STERLING plunged against the euro yesterday as worse-than-expected UK deficit figures exacerbated what was already a strong rally from the single currency. Coupled with solid demand at Spanish, Greek and Irish government bond auctions, this was enough to send sterling-euro down to a three-month low, with the euro also gaining a cent against the dollar.

But do these moves herald the start of a comeback for the troubled euro? Both analysts and traders are divided. Stephen Hughes of forex broker Currencies.co.uk says that yesterday saw as much sterling-euro trading as during the entire previous week, with many piling in to sell euros. But others are taking it as a sign that there will be better euro-selling levels to come: “For those who need to change euros into dollars it’s a good opportunity,” says Hughes. “The question is how long that window is open for given the vast number of different economic releases in the Eurozone.”
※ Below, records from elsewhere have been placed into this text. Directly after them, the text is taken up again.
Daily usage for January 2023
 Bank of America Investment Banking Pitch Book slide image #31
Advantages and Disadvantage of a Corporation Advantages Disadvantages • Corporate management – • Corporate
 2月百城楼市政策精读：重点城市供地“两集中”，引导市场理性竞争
With markets so sensitive and quantitative easing (QE) back on the agenda, traders should keep an eye on major data releases – not least the Bank of England’s minutes this morning – to take advantage of movements. Investec’s Lee McDarby says: “This is an opportunity to see what the UK is thinking about QE and that will really throw sterling around a little bit.”

But despite the Eurozone’s seeming resilience, there is still strong scepticism about the health of its periphery: Ireland had to promise an average yield of 4.77 per cent on four-year bonds, sharply up from last month’s average four-year note yield of 3.63 per cent.

Moreover, many suspect the European Central Bank of propping up demand by buying bonds – as it has done in the past (see chart). Lombard Street Research’s Stefano Di Domizio commented: “The auction is nothing to get excited about.”

So in spite of this rally, there are still persistent worries about the future of the single currency. Even if fears over sovereign debt can be allayed smoothly, there is still the potential problem of a widening gap in economic growth between the core and periphery of the Eurozone: while Germany and France recorded second quarter 2010 GDP growth of 2.2 per cent and 0.6 per cent respectively, Spain grew just 0.2 per cent and Greece shrank 1.5 per cent over the same period. Di Domizio says: “Eventually you will have the peripheral countries deflating with high, positive real interest rates, whereas the core countries whose economies are doing relatively better will have negative interest rates – effectively the opposite of what should happen. In a situation like that there is no exogenous adjustment that can repair things.”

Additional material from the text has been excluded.